Djokovic: “Fin da quando ero bambino sognavo di vincere Wimbledon e diventare numero uno. Nel 2011 ci sono riuscito nell’arco di due giorni. Dopo quello ho sempre avuto sensazioni forti giocando per il mio paese. Quando abbiamo vinto la Coppa Davis è stata una delle più belle vittorie della mia carriera. Se devo scegliere alcune partite storiche sono la finale contro Nadal all’Australian Open 2012 e quella contro Federer a Wimbledon 2019. Sono vittorie molto particolari, una per la lunghezza della partita e l’altra per il fatto di avere salvato match point, che mi sono rimaste nel cuore”.

D (Agenzia Italia): L’ATP ha deciso di far giocare i tennisti russi senza bandiera; e Wimbledon li ha persino esclusi. Che pensi?

Djokovic: “Sono tempi molto difficili. Una scelta in merito perfetta non c’è; in tutti i casi c’è qualcuno che soffrirà. Io vengo da un paese in cui per quattro anni, dal 1992 al 1996, tutti gli atleti in tutti gli sport non potevano fare competizioni fuori dalla Serbia. Quindi conosco bene questa sensazione. Secondo me, i tennisti russi che conosco, da Medvedev in giù, non hanno alcuna responsabilità. Quello che sta succedendo è comunque molto brutto; ho vissuto due guerre e so che non c’è nessuno che le vince. Gli atleti sono lì per fare sport. Togliere loro un diritto perché appartengono a un certo paese è una brutta scelta. Non sono d’accordo. Boicottare Wimbledon? No. E’ una cosa molto aggressiva da dire. Non si può parlare di questo, anche nei media. Secondo me ci sono soluzioni migliori e possiamo arrivare a queste. Solo che dobbiamo avere un po’ di comunicazione con Wimbledon. Io non sono nell’ATP Council, o almeno non lo sono più, e non sono io che devo tenere i rapporti, ma ho sentito da chi di dovere che non c’è la sensazione che Wimbledon voglia comunicare su questo.

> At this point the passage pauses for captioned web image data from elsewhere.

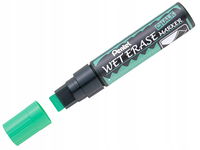 marker mazak kredowy pentel bardzo gruby zielony green pisak flamaster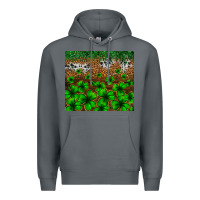 Rock St. Patrick's Day leopard cowhide tumbler Premium Hoodie - Neo Western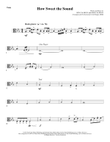 How Sweet the Sound - Viola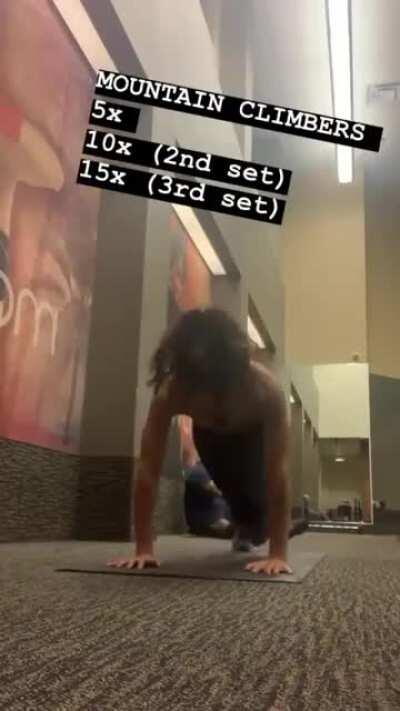 Fitness Video from IG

Io penso che i giocatori debbano essere sempre uniti e la PTPA è nata per questa ragione. Secondo me ci sono state molte situazioni negli ultimi vent’anni nel tennis professionistico in cui i giocatori avrebbero dovuto essere insieme e dare un segnale univoco ma non lo hanno fatto. Ci sono molti interessi individuali, particolarmente per coloro che sono al top, che hanno di più da perdere. Per questa ragione due anni fa abbiamo creato la PTPA. Non c’è una organizzazione che possa rappresentare al 100% gli interessi dei giocatori e questo è necessario; siamo il terzo-quarto sport più globale. E’ importante per i giocatori avere la consapevolezza del potere che loro hanno. Molti di loro sono neutrali e scelgono di non dire niente; io rispetto questa scelta ma secondo me ci sono situazioni dove bisogna fare un passo avanti e dire che dobbiamo stare insieme”.

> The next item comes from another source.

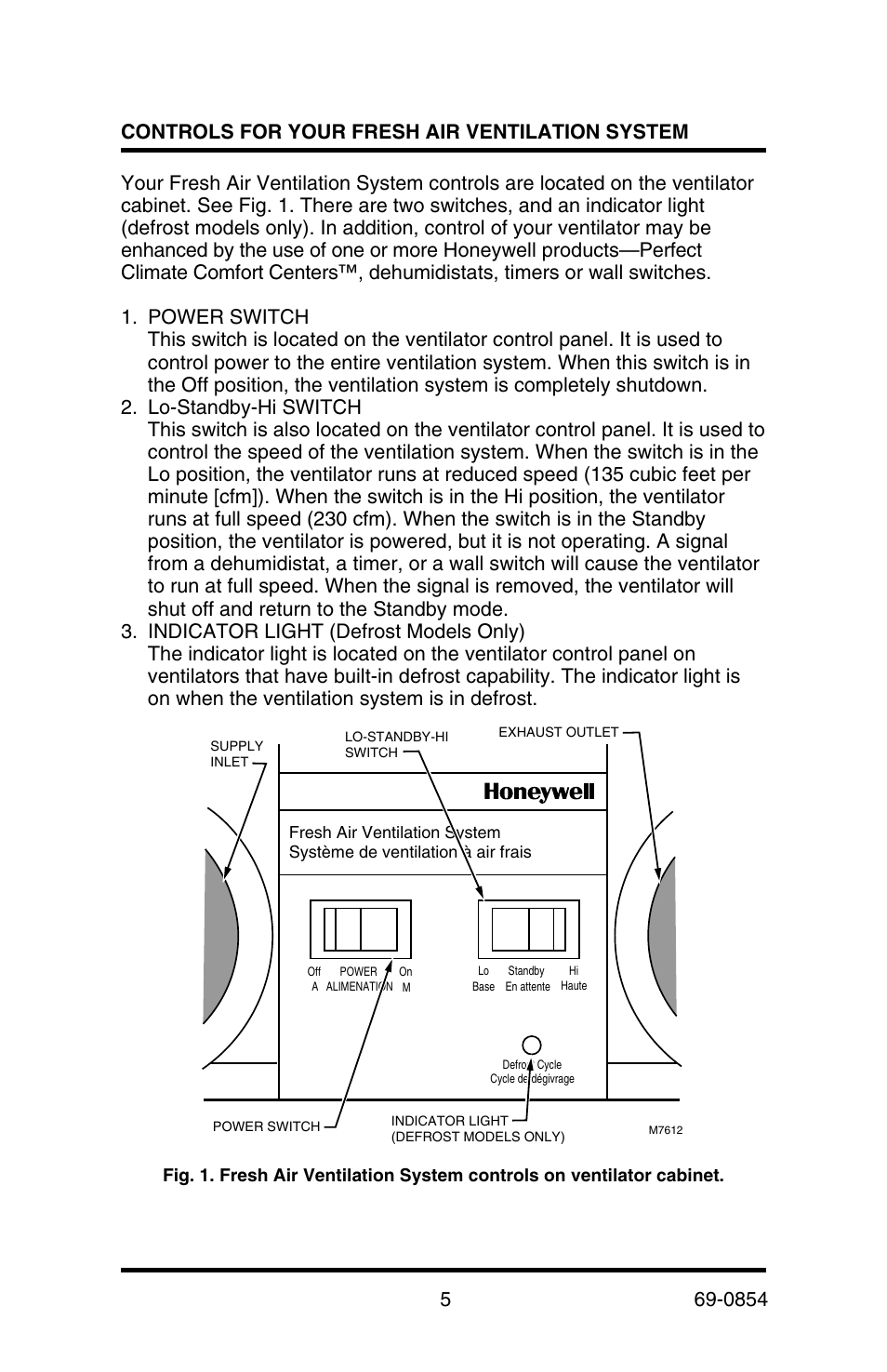 Honeywell HR230 User Manual | Page 7 / 16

D: Ubaldo Scanagatta, Ubitennis: Novak, complimenti per l’ennesima volta. Dodici finali qui, sei vittorie, puoi dire “Not too bad”…

Djokovic: “Sei molto popolare, tu e anche Ubitennis, tutti mi dicono Not Too Bad… Avresti bisogno di un PR!”

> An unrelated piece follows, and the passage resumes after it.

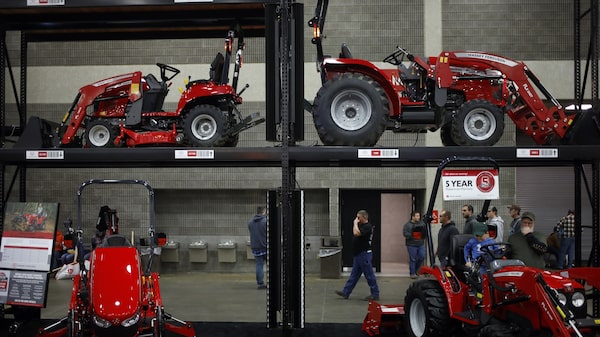 AGCO prevê recuperação das vendas em 2026 com demanda maior no Brasil e na Europa AGCO prevê recuperação das vendas em 2026 com demanda maior no Brasil e na Europa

D: Ubaldo Scanagatta: Prendo Dodo se è libero… Hai detto che ti senti giovane, ma sei il più vecchio vincitore dell’Era Open in questo torneo. Per dieci giorni batti Nadal in vecchiaia. Che effetto ti fa? Fino a quando vuoi giocare a tennis? E tuo figlio, che oggi ha vinto il suo primo torneo? Tu avevi vinto un torneo a sette anni?

Djokovic: “Io la mia prima l’ho giocata a otto anni e mezzo. Lui mi ha battuto. Le nuove generazioni sono più avanti, è sempre così… Come dicevo prima, non mi sento vecchio. Ovviamente ho giocato molti anni su questo livello e queste vittorie quando arrivano hanno ancora più significato. Ma devo capire come gestire il calendario e vedere dove voglio giocare il miglior tennis. Ovviamente le cose sono diverse rispetto a dieci anni fa. Non gioco tanti tornei quanti ne giocavo prima. E’ anche una mia scelta perché ho due bambini e altre cose nella vita a cui voglio dare energia e attenzione. Però la motivazione più grande ora sono gli Slam, la Davis, i tornei Masters 1000 che mi piacciono come quello a Roma”.

Scanagatta: Vuoi vincere uno Slam più di Nadal?

Djokovic: “C’è sempre competizione tra noi, sì. Nadal è il più grande avversario che ho avuto nella mia carriera; finchè gioca lui, gioco io! Sono cresciuto come giocatore perché ho giocato tanto contro di lui a questo livello, mi ha sempre dato una spinta in più. Mi auguro che giocheremo ancora tante volte”.